ASSIGNED TASK:
Skip pictures in the listing below; copy exactly the lines from the one with "Déplacement d Emmanuel" through the one with "Binder Lot Random", inclusive.

SUPPLIED DATA:
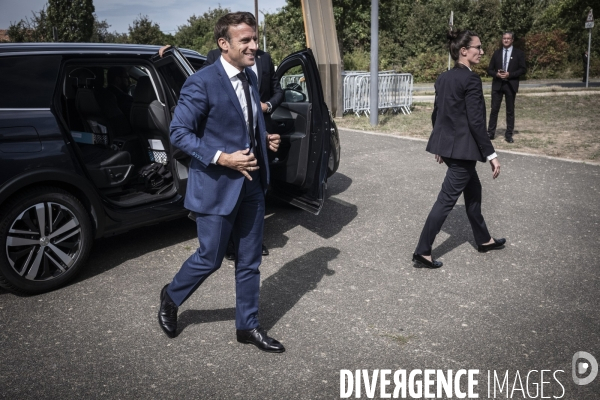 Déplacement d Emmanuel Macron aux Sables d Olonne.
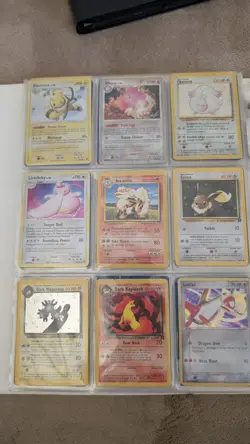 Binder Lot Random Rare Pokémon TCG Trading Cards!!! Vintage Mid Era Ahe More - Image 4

...

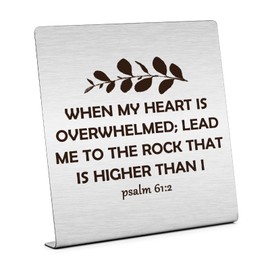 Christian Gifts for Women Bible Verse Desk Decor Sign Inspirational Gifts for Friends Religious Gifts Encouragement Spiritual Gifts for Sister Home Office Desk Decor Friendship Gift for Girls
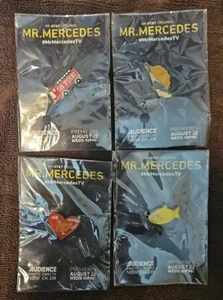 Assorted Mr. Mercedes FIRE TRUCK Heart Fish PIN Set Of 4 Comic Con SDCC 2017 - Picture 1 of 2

EXERCISE RESPONSE:
 Déplacement d Emmanuel Macron aux Sables d Olonne.
 Binder Lot Random Rare Pokémon TCG Trading Cards!!! Vintage Mid Era Ahe More - Image 4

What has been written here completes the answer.